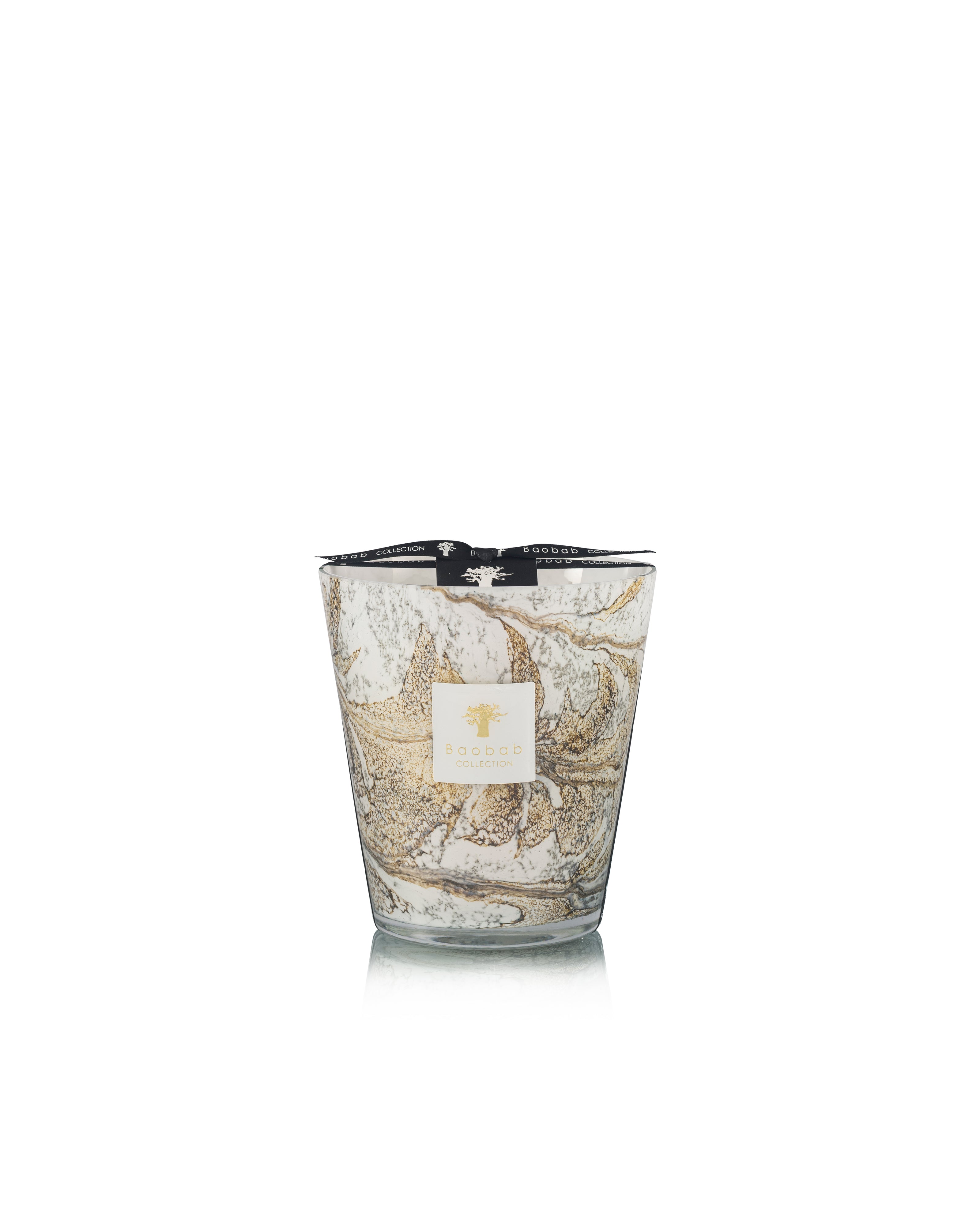 Leaves Nais Candle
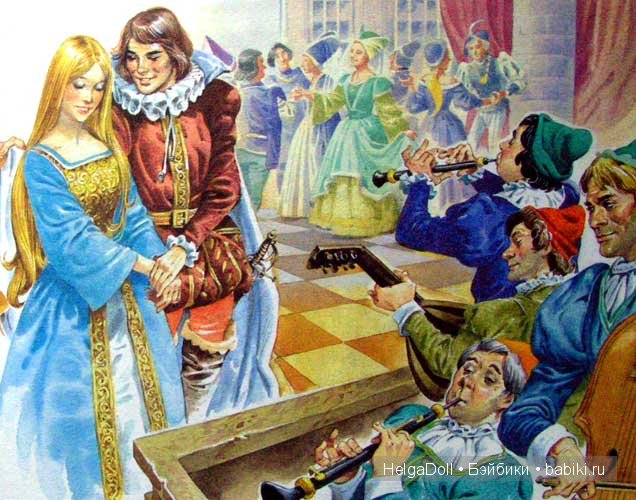 Сказки Вени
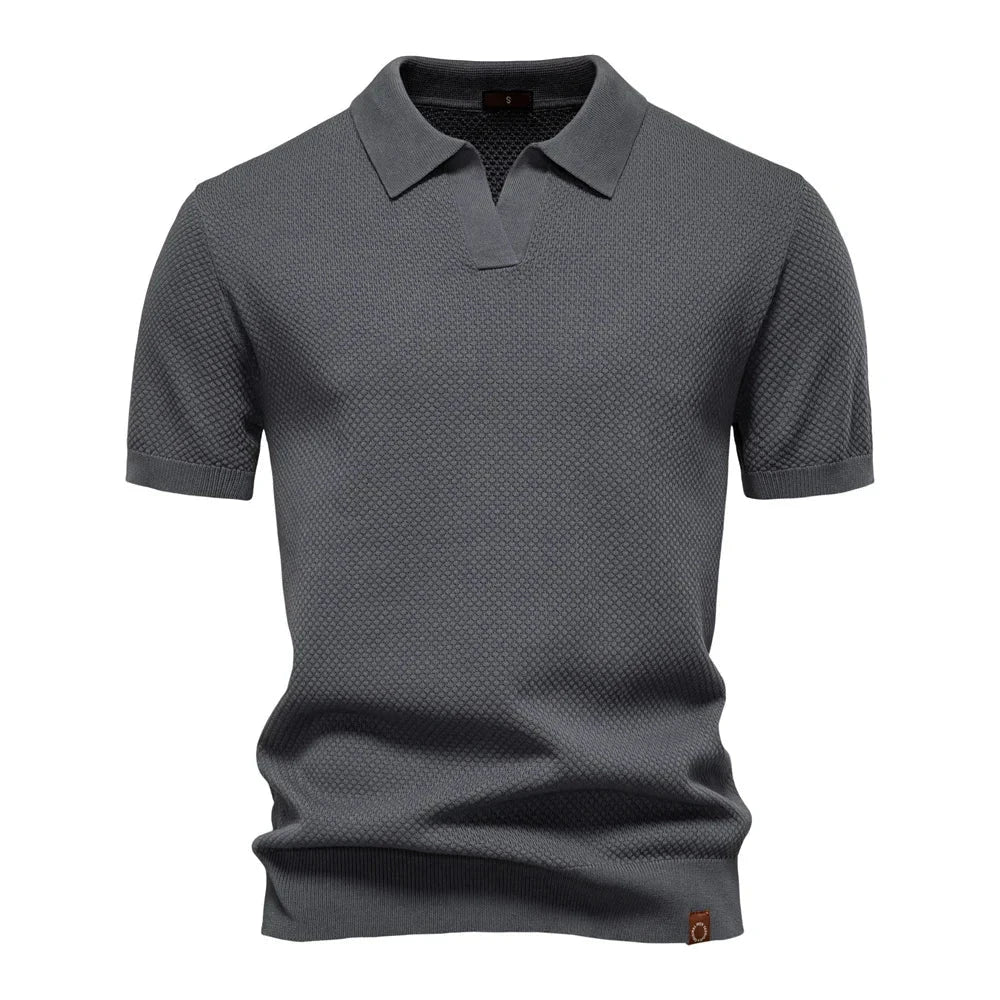 Camisa Polo Masculina Octavian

» What to do:
Without the images, write out each line of the data verbatim.

» Problem solution:
 Leaves Nais Candle
 Сказки Вени
 Camisa Polo Masculina Octavian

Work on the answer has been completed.